“The narrative is the first story, the primal story, from which all others come. It is your story.” These thoughts by writer John Rouse speak clearly to the importance of narrative writing. I share them because I, too, feel that narrative writing is a valuable or, dare I say, the most important element in an effective writing program.
I know the common refrain from teachers: I can’t worry about narrative writing; that’s just storytelling. I have enough trouble covering the academic forms (explanatory, persuasive, responses to literature, etc.) students will be tested on.
Narrative writing offers too much to be treated like a stray dog. The primary purpose in anyone’s life is to make sense of experiences as they come to him or her: What was that conversation all about? Should I try out for the track team? Would I like to be a nurse? And what better way for someone to explore these experiences than to write about them? The linear nature of writing—recording one word after another—prompts reflecting and forming new understandings.
According to learning theorist James Britton, in-school learning should embrace this need, especially in the writing classroom. Doing so makes an important connection between a student’s personal life and the school experience. Unfortunately, schools often function as fortresses, carefully protecting their territory—the dissemination of facts and formulas. After too many years in the fortress, many students have only one thing on their minds: How can I escape?

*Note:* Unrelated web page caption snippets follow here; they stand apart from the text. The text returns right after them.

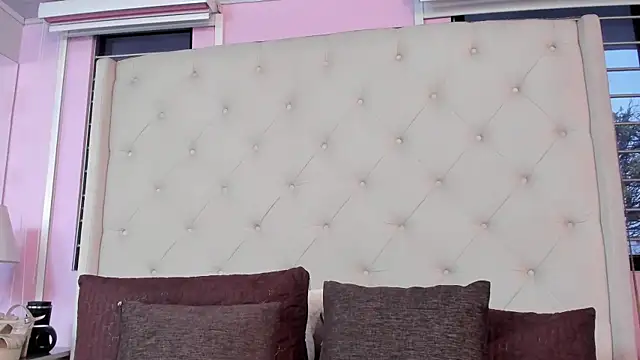 Snapshot of scarlett_leblanc_ chatting on April 2026 11:56:02 AM scarlett leblanc online show from April 2026 11:56:02 AM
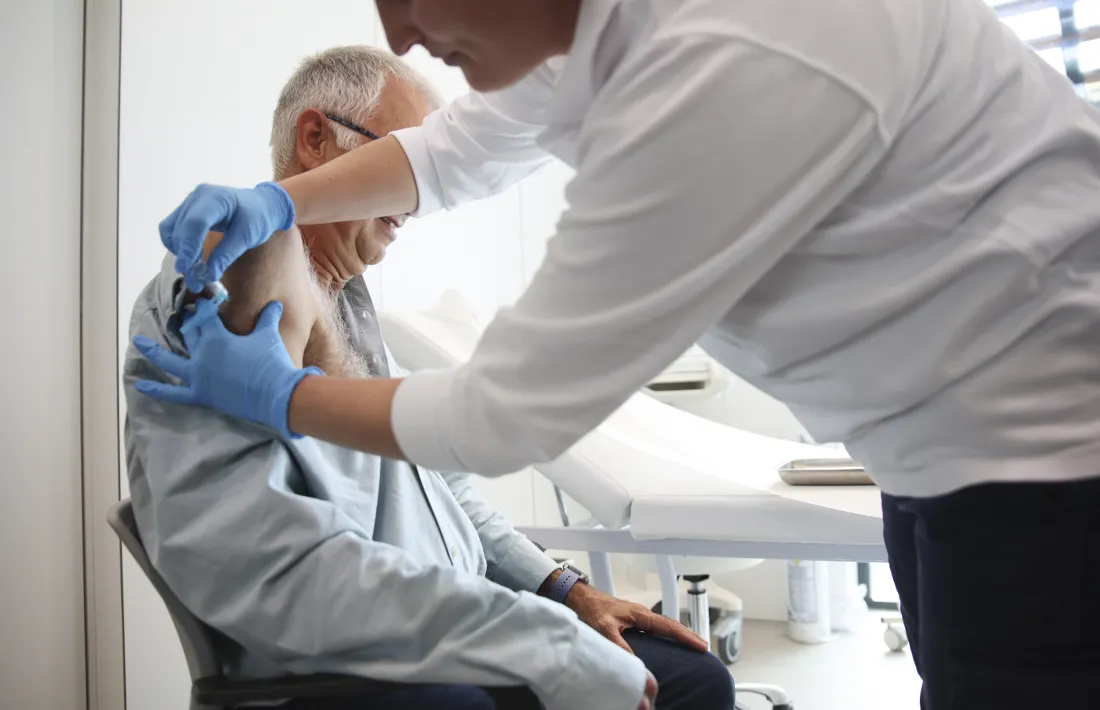 Un padrí rep la vacuna a l'inici d'aquesta temporada.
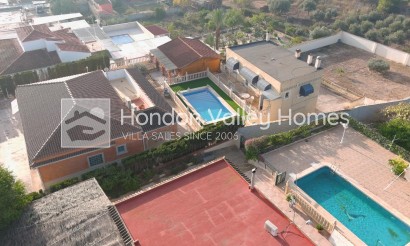 Resale - Villa - Albatera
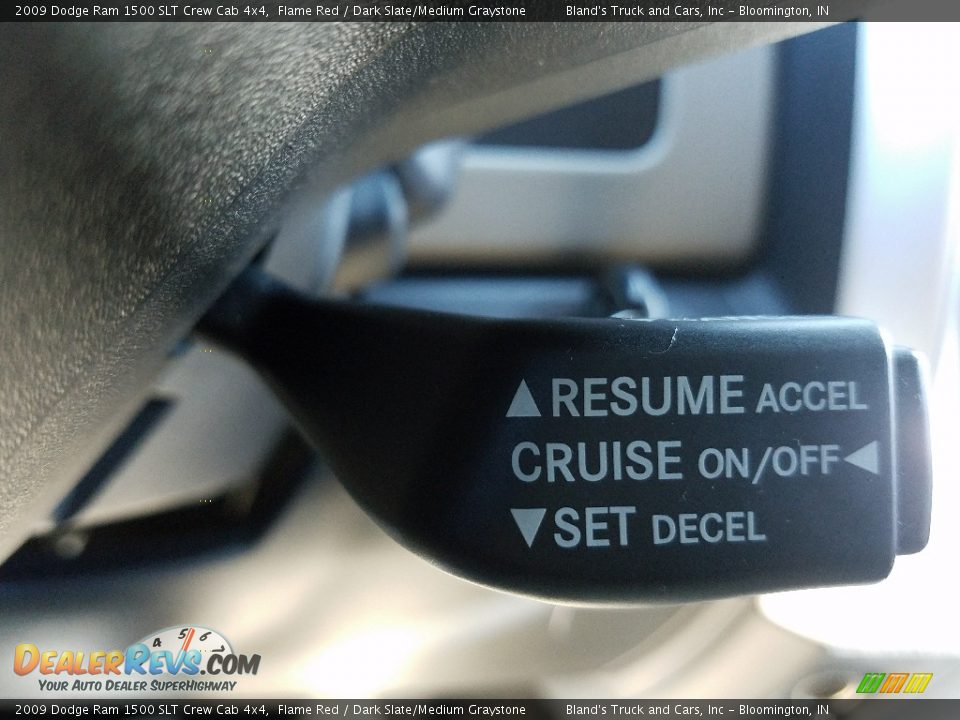 2009 Dodge Ram 1500 SLT Crew Cab 4x4 Flame Red / Dark Slate/Medium Graystone Photo #23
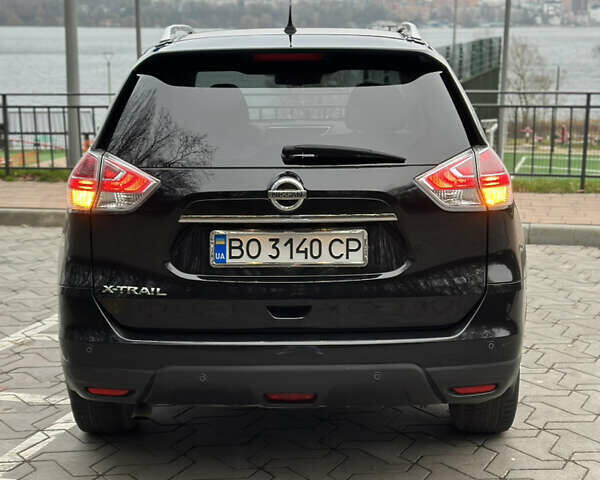 Черный Ниссан ИксТрейл, объемом двигателя 1.6 л и пробегом 200 тыс. км за 16300 $, фото 52 на Automoto.ua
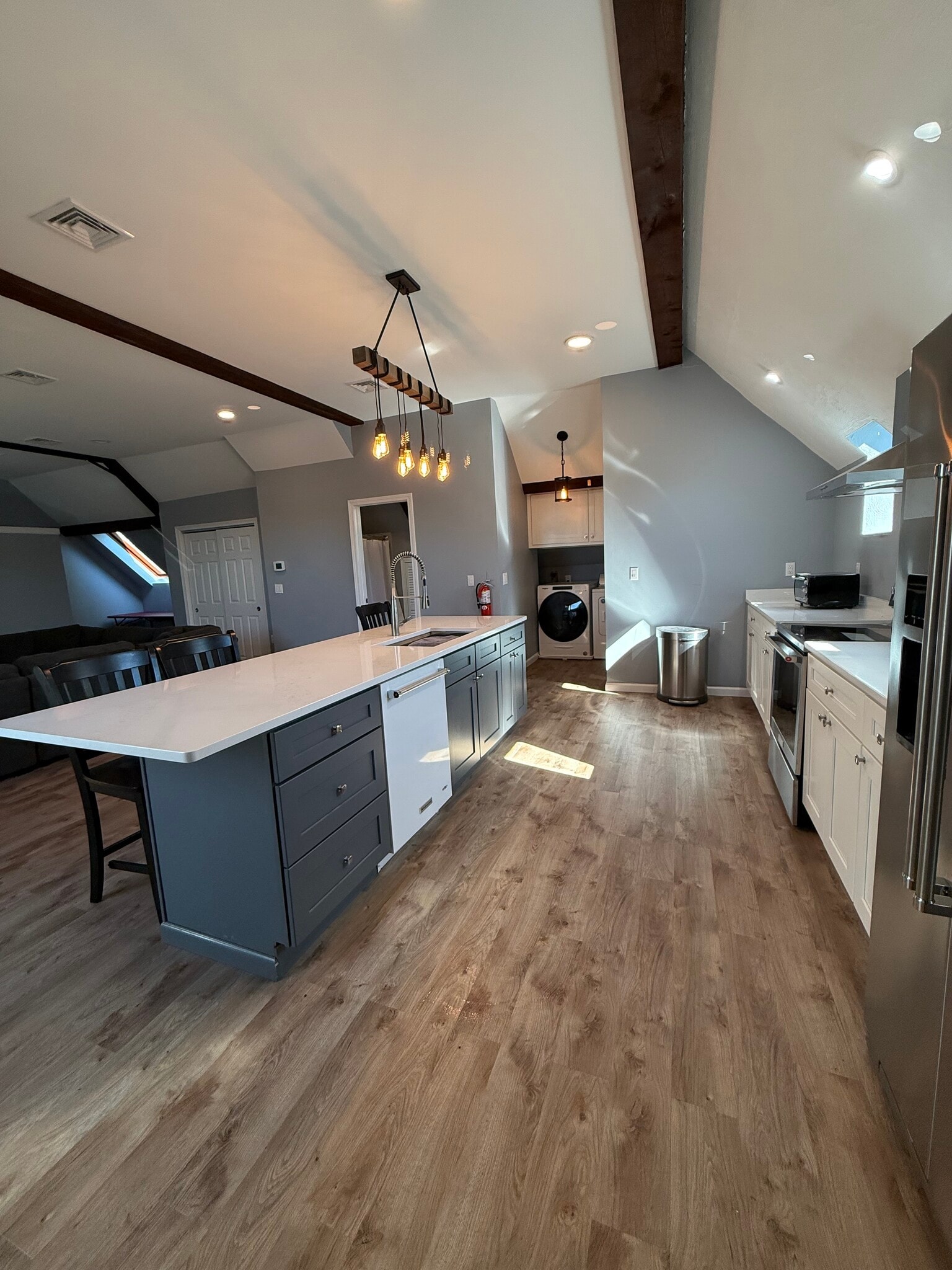 Building Photo - 10 High St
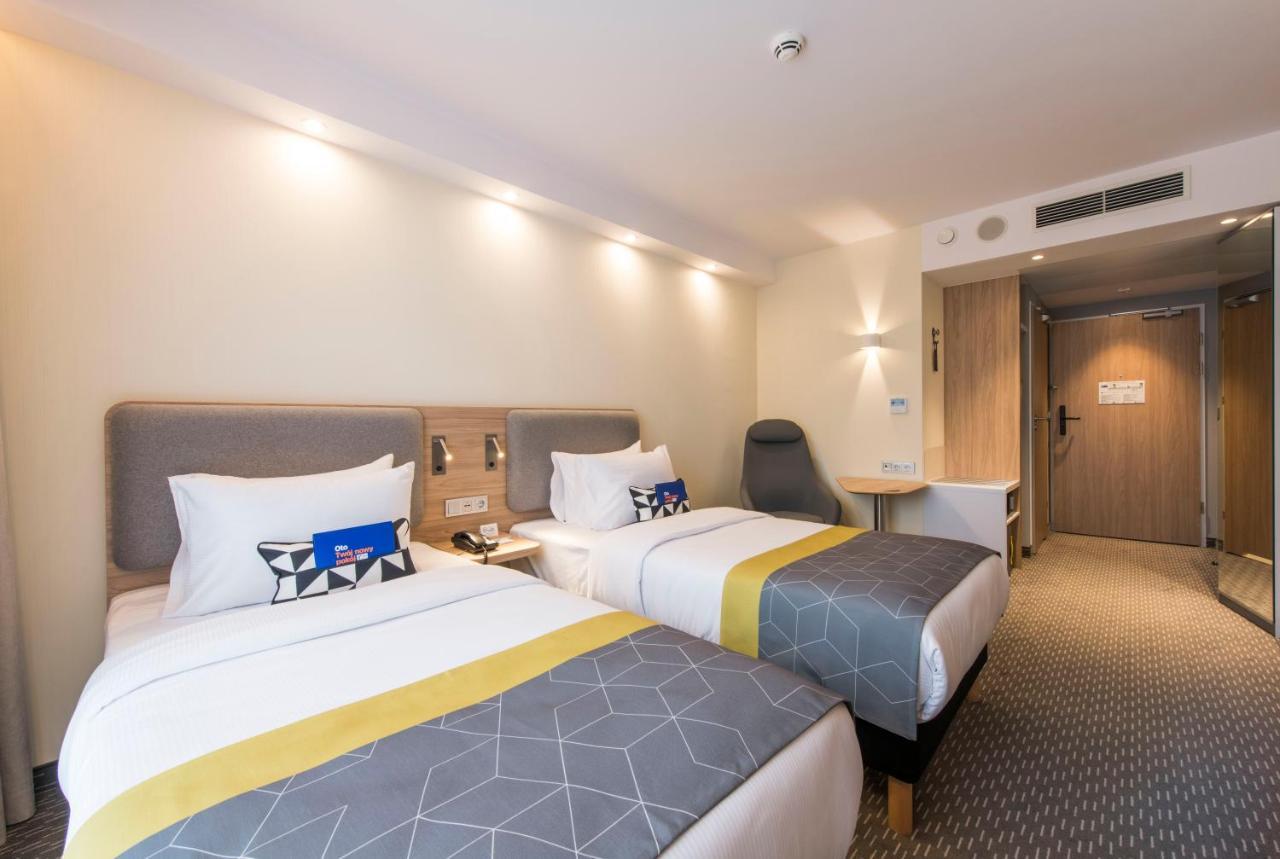 Holiday Inn Express Warsaw - Mokotow By Ihg Bagian luar foto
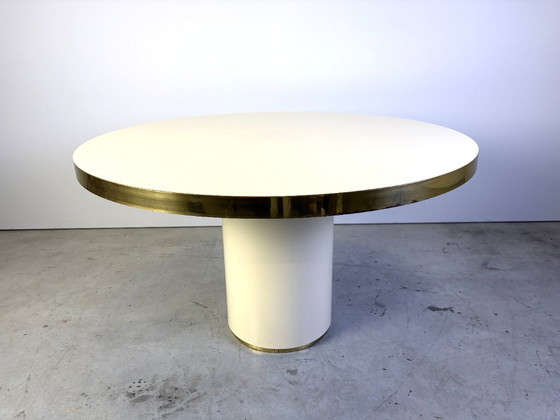 Lacquered wood and brass round dining table, 1970s, Eettafels, Hout, Messing, Crème, Modern (foto 10 van 10)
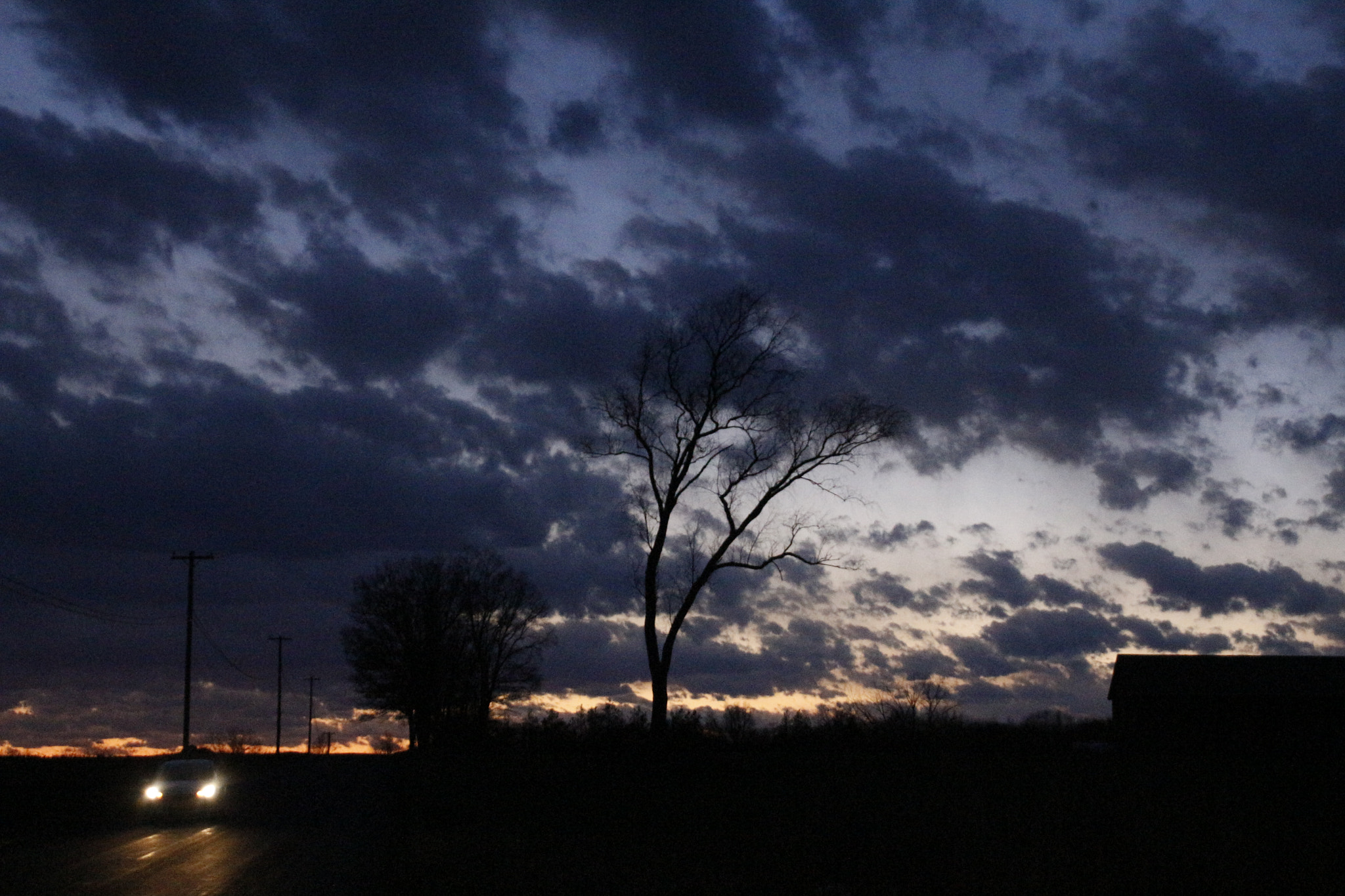Canon EOS 700D (EOS Rebel T5i / EOS Kiss X7i) sample photo. Dusk photography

Promoting narrative writing doesn’t take much. Start by implementing journal writing. (Good for you, if you already do this.) Have students write in their journals every other day at the start of the class period. Encourage them to explore their foremost thoughts and feelings, but also suggest that they save sensitive issues for at-home journals. (To underscore the importance of journal writing, you should write along with the students.)
On off days, have students review their writing, underlining thoughts or ideas that they especially like, that surprise them, that they would like to explore further. They could also discuss their writing with a partner or two. (In this way, the entries function as very early drafts of narratives.)
Celebrating Their Lives
After a few weeks, have students select one entry to develop more fully into a complete personal narrative. Remind them that they are communicating something about their own lives, so they will want to tell a good story, one that may take some time to get just right. (Repeat this process—journal entries to personal narratives—as often as you like.)
Important: Sharing is an essential part of the narrative-writing process. I recommend whole-class sharing sessions because they help build a community spirit in the classroom and make students feel connected. (Deal with reluctant readers as best you can.)
Expanding Their Vision
Once students understand the essentials of narrative writing, they will be more than willing to experiment with other forms of writing. Obviously, the personal narrative is first cousin to short fiction and plays. All three are forms of storytelling. And some students may be drawn to poetry as a means of expressing their thoughts and feelings.
Now here’s a surprise: With a firm foundation in the narrative form, students can write “academically” about issues that are important to them. The co-authors of Learning to Write/Writing to Learn—John S. Mayher, Nancy Lester, and Gordon M. Pradl—call story writing “the jumping off point—the way in” to explanatory and persuasive writing.
Ideas for academic essays can come from recurring themes in the students’ narratives, or they can come from the final summary or reflection in one particular narrative. And, of course, support for a thesis can come from the specific details in the narratives.
A final thought: Diarist Anais Nin says, “We write to taste life twice.” It’s the second taste that’s so important and needs to be honored and encouraged.